It seems that the family home – at least in regard to William – was not a happy place. At the age of seven he was sent to boarding school, in Kidderminater. This was one of the things he later levelled  his ” Mater.” He said, “The school was nasty, the food was bad, the bread and milk made me feel sick.” He complained that he was most unhappy there but his unhappiness was just dismissed as, “complaints of trifling annoyances such as are met with by school boys generally.

A newspaper reported:

He left Kidderminster about eleven years of age, and went a school at Brewood, where he remained about two years, and then went to Malvern College, where he had inflammation of the lungs. He states he was lost there in consequence of not having sufficient pocket money. He is under the impression that his parents put him to these schools to get rid of him, and that they were persecuting him at that period of his life. After he left school, at about 15 years of age, he was sent to Hastings and Torquay on account of his health, and, at about 18, he helped in his father’s business, at Walsall, his father making him a small allowance.”

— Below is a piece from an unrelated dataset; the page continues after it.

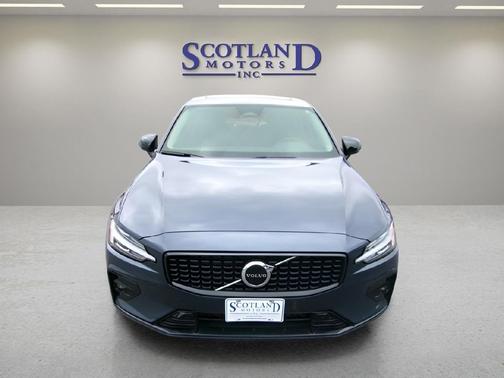 2024 Volvo S60 B5 Core Dark Theme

This matter of money was to weigh heavily on William Greatrex for the rest of his life. What shouts to us from the printed page over a century after the tragic events of 1892 is that James Greatrex spent a small fortune on his son, and considered it money well spent to keep William at arm’s length.

William’s career in the decades after he left school is a catalogue of disasters, one after the other. After working for a while as a commercial traveller for the Greatrex firm, he was sent to Australia at the age of 23 on ‘a sales mission.’ From there he was asked to go to New Zealand, where opened his own business. This failed, and after a brief spell at home he was again sent abroad, this time to America, where he was given money to become a partner in a cattle ranch in 1884. It was reported that Greatrex senior had sunk £6000 into this venture. Using the Bank of England online calculator, I can report that this is somewhere in the region of £800,000 today. The ranching venture, like everything else the younger Greatrex had tried, failed dismally and, eventually, after a spell in Geneva in 1889, William Greatrex returned to England, where he rented rooms in London, and began a concerted campaign to persuade his father to give him “just one more chance.”

Moss Close new

By this time, James Greatrex had sold the business and retired to Guys’ Cliffe Avenue, a quiet street in Milverton, a district of Royal Leamington Spa. The house, known in those days as Moss Close, still stands, but has now been converted into flats (above). It is within a stone’s throw of this house that the next chapter of this drama will play out.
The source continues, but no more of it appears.